Hmm, I've usually seen this going the other way. Some new users splatter their whole post with random formatting and there's an edit to strip it back down.

The simple answer is only very little formatting is really required. Emphasis (italic or bold) can usually be replaced by cutting down the verbosity of a post, or breaking it down with logical whitespace.

The big ticket items that are globally acceptable:

  • Wrapping things in code blocks
  • Fixing images and links and lists with proper markdown

If somebody is adding something else, I'd really question the justification for it.

If they're making it look like your example, I'd be voting against it and probably talking to moderators to report vandalism. Of course there's an invisible line for what's aceptable. Use your discretion to decide whether it's okay, needs further improvement or needs reporting.

2
  • I we are quoting and can't reasonably use ellipsis, is ti acceptable to boldface emphasized things and add [emphasis mine] to it?
    – nanofarad
    Nov 27, 2012 at 12:28
  • @ObsessiveSSOℲ Yes, I believe that's acceptable, so long as you use ** ** instead of <h1> </h1>. :) The key is to use discretion. Dec 6, 2012 at 5:59
10

In my opinion, there is a very simple "Ask Ubuntu's Razor" here: if it's more clear and easy to read after the edit, approve it. Otherwise, reject it.

It's as simple as that. Clearer? Accept. Not clearer? Reject. No need to make it more complicated than that.

5

I agree that too much bold and italic type has been used for some suggested edits, and that the resulting question or answer is harder to read. I think it is better that we spend time to improve the quality of the posts, and not just dress them up by simply highlighting words.

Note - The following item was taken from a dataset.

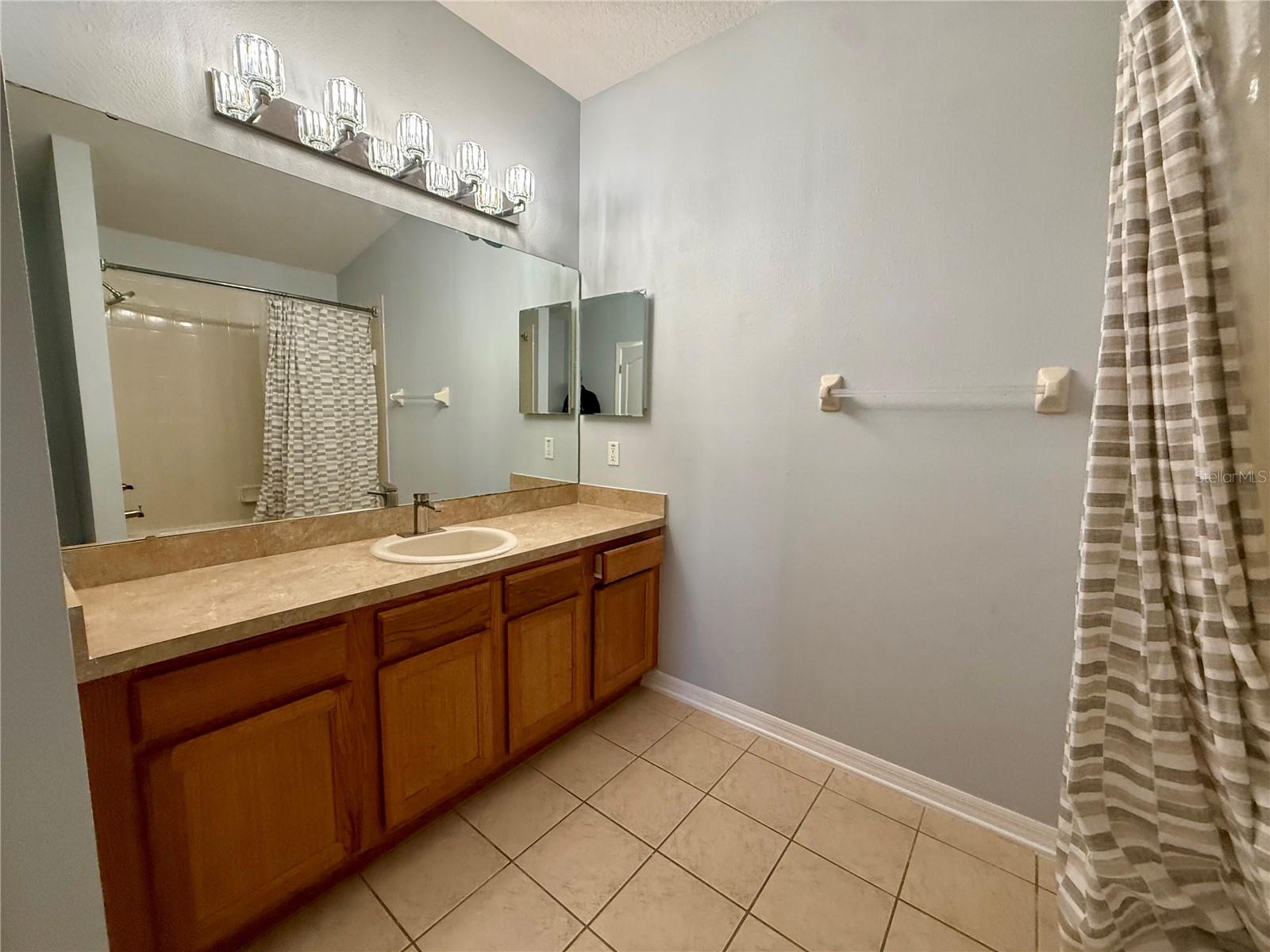 MEADOW POINTE III PARCEL UU - Residential Lease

Even though I usually reject edits with too much markup, I have decided now that if I come across an otherwise legitimate edit spotted with markup, I will simply edit it out and then confirm the edit. However, if the edit has too much markup and is too minor anyway, it should still be rejected.

In cases where there was too much markup in a suggested edit, we can leave a note saying why we have 're-edited' it to remove some of that decoration. Then we won't lose valuable contributions and if the user who proposed the edit looks at the edit history, he will understand.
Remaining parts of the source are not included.